## Given data
>>>

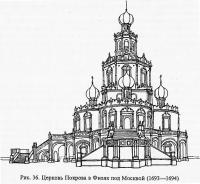 Рис. 36. Церковь Покрова в Филях под Москвой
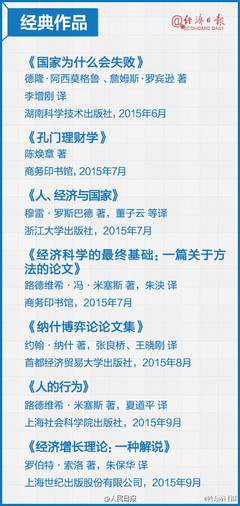 2016年经济学精选书单 德隆软件IT业界视角下的知识导航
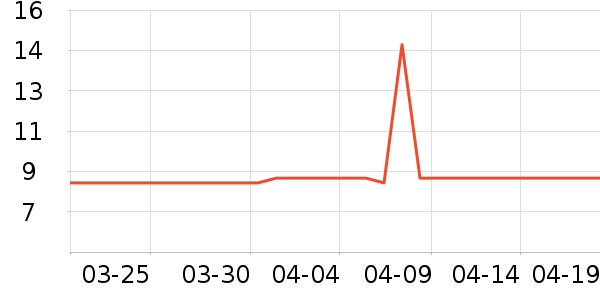 ����ʪ����ʷ�۸�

<<<

## Exercise directions
Transcribe the data exactly and leave no picture in the copy.

## Answer box
 Рис. 36. Церковь Покрова в Филях под Москвой
 2016年经济学精选书单 德隆软件IT业界视角下的知识导航
 ����ʪ����ʷ�۸�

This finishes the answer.